Southworth Library first stop for Women’s Suffrage exhibit


Tompkins Weekly Staff

DRYDEN – An exhibit celebrating the 100-year anniversary of women’s suffrage in New York state – “Rural Voices on the Path to Women’s Rights” – will travel throughout Tompkins County during 2017.

Southworth Library in Dryden is the first library to play host, according to information provided by the library, to a “collection of some of the history of suffrage and notable women in the rural communities in parts of Tompkins County taken from the time of the landmark vote.” The exhibit consists of nine panels that explore daily life for women in rural areas, the pro and anti-suffrage sentiment and notable stories of women in each area.

In order to add current relevancy and to create conversation, the final panel of the exhibit asks: “Where Do We Go From Here?” A sample of women who were surveyed was created and answers recorded for the following questions: “When did you first vote?,” “What motivated you to vote?” and “How has voting changed for you since then?” Women continue to have influence on the political process; in the presidential election of 2012, 53 percent of all voters were women.

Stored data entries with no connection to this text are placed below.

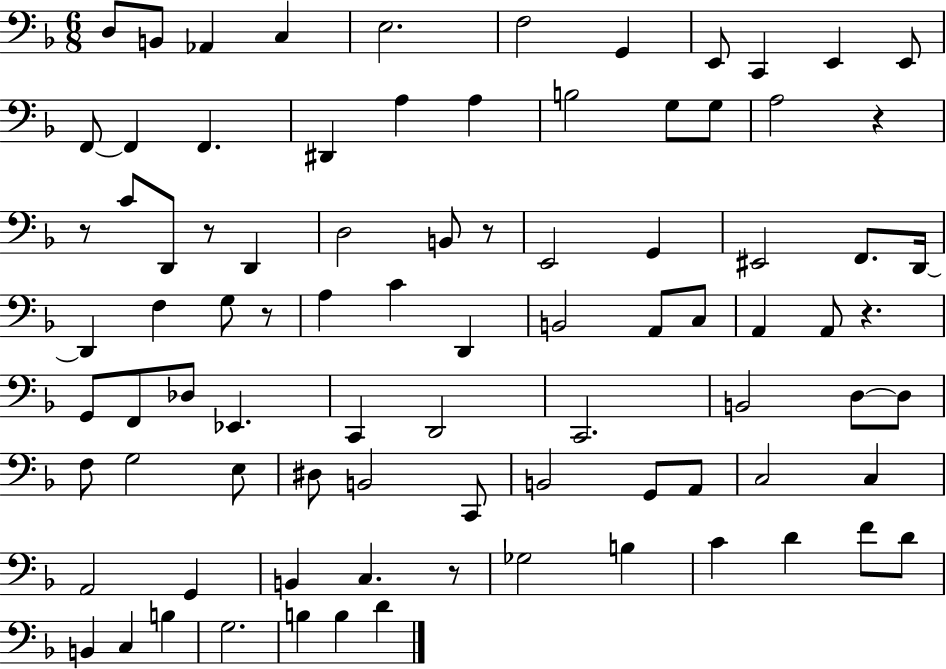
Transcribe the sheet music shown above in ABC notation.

X:1
T:Untitled
M:6/8
L:1/4
K:F
D,/2 B,,/2 _A,, C, E,2 F,2 G,, E,,/2 C,, E,, E,,/2 F,,/2 F,, F,, ^D,, A, A, B,2 G,/2 G,/2 A,2 z z/2 C/2 D,,/2 z/2 D,, D,2 B,,/2 z/2 E,,2 G,, ^E,,2 F,,/2 D,,/4 D,, F, G,/2 z/2 A, C D,, B,,2 A,,/2 C,/2 A,, A,,/2 z G,,/2 F,,/2 _D,/2 _E,, C,, D,,2 C,,2 B,,2 D,/2 D,/2 F,/2 G,2 E,/2 ^D,/2 B,,2 C,,/2 B,,2 G,,/2 A,,/2 C,2 C, A,,2 G,, B,, C, z/2 _G,2 B, C D F/2 D/2 B,, C, B, G,2 B, B, D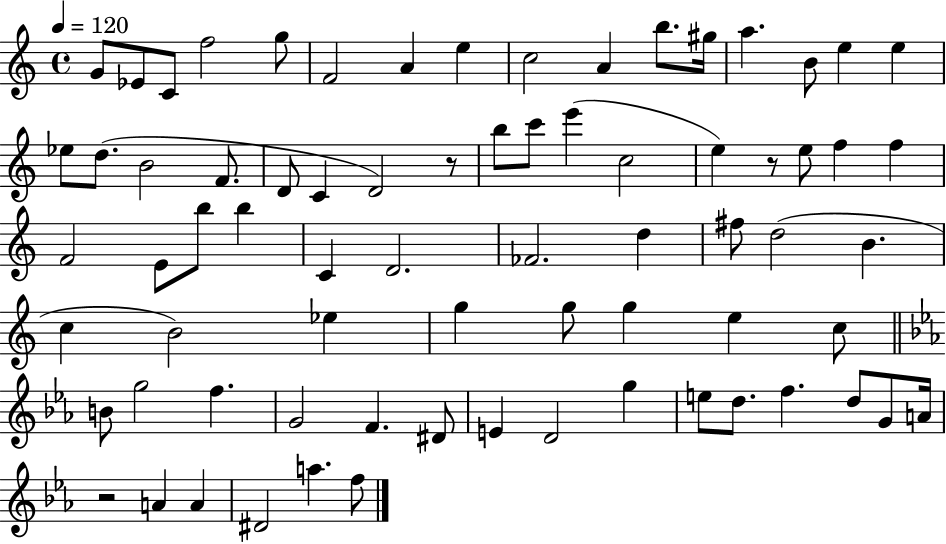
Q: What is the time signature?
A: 4/4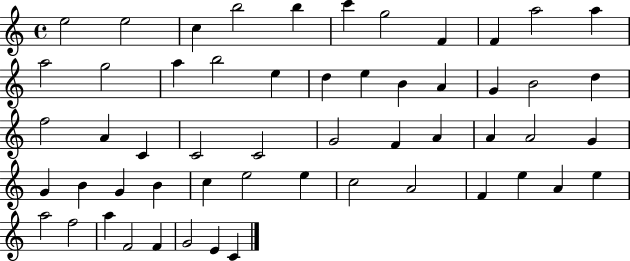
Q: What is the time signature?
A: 4/4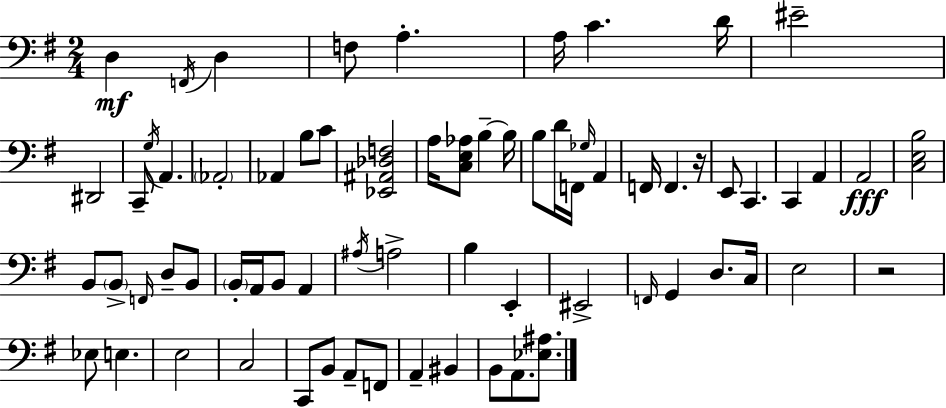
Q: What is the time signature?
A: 2/4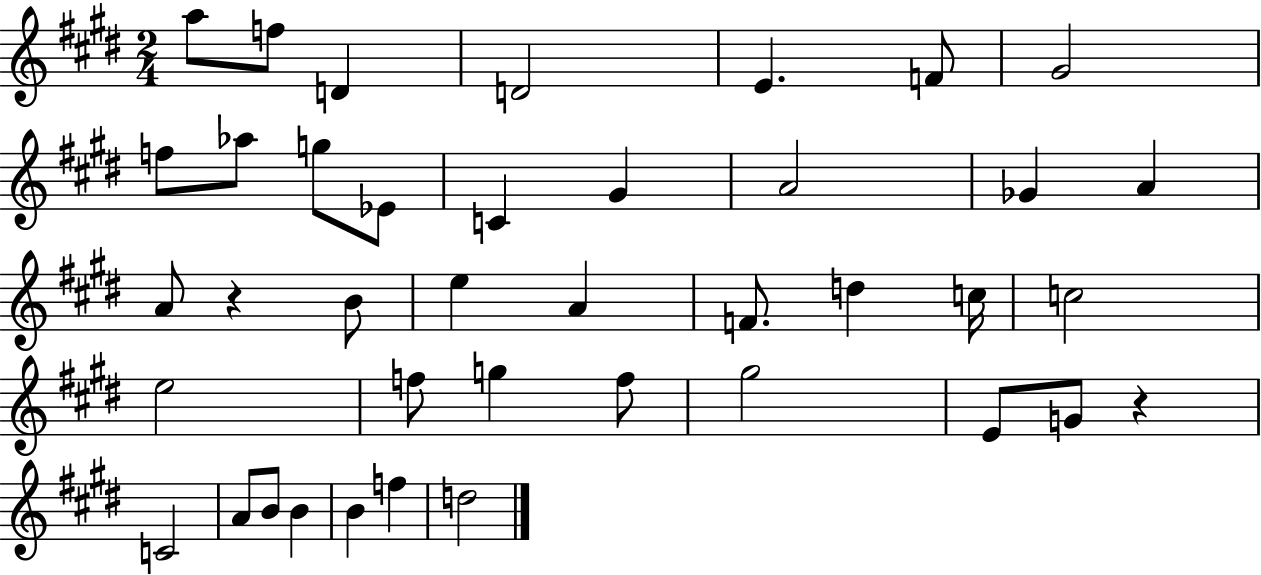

In an effort to facilitate that conversation, Southworth will be hosting a “Community Conversation on Democracy” at 7 p.m. Thursday, April 20, at the library. David Flaten, a professor of Political Science at Tompkins Cortland Community College, will speak, and it will include a guided discussion of short essays as well as time to reflect on the exhibit. It is free and open to the public.

Southworth opened the exhibition earlier this month at an event that featured a talk given by Dr. Karen Pastorello, professor of History and Women and Gender Studies at Tompkins Cortland Community College and co-author of the book “Women Will Vote: Winning Suffrage in New York State,” that gave an overview of rural women and the suffrage movement. The exhibit will be on display at Southworth through April, and then will move on to another library in the county, according to Library Director Diane Pamel.

“It will be at all libraries for about a month,” she said. “In November, it then may go up to Mann Library at Cornell.”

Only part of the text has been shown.